Bank of America is the bank mentioned in our recent story about lenders suing homeowners for the amount of the mortgage that remains after a foreclosure, but it may be that smaller banks are more likely than large ones to pursue what are called deficiency claims.

Terri Pickens, an attorney with Pickens Law in Boise, has come to that conclusion, based on her experience representing clients who have been served with deficiency judgments.  “The small banks pursue everything,” she said.  “I have not seen Bank of America pursue them.  In my clients’ cases, whether it was a modest house to a multimillion dollar house, they haven’t gone after the deficiency.”  Attorney Brian Webb of Angstman Johnson agrees with Pickens’ analysis.

As for the banks, large and small, they prefer to say little on the subject.  I called and e-mailed several, asking for information about how they determine when to pursue deficiency claims.  A Wells Fargo spokesman issued this brief response: “Where permitted, we may pursue deficiency judgments on a case-by-case basis.”  Bank of America has yet to reply, two weeks after StateImpact Idaho‘s initial request and despite significant follow-up.

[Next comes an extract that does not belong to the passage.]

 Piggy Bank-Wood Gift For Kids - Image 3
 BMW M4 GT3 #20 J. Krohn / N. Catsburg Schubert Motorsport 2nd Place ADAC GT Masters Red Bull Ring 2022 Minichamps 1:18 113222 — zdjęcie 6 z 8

Spokane-based Sterling Savings Bank was described in interviews with Pickens and another attorney as a bank that has been especially persistent about filing deficiency judgments against homeowners.  I called the bank to ask about it.  In an e-mailed response, a spokeswoman said only that Sterling Savings does have  policies for determining when to pursue former homeowners for deficiencies, but those policies are internal.  “Deficiency judgements are extremely complex and are only pursued as a way to seek repayment for monies rightfully owed to the bank,” she wrote.

However, this 2010 article from The Oregonian, featuring an interview with Sterling President and CEO Greg Seibly, sheds a bit of light.  According to the article, the bank, which had missed a deadline from federal and state regulators to raise new capital, “launched an aggressive legal campaign to recover its losses.”

This fits with attorney Terri Pickens’ hypothesis about why some banks are more likely than others to file deficiency claims.  “It’s basically the banks that need the capital,” she said.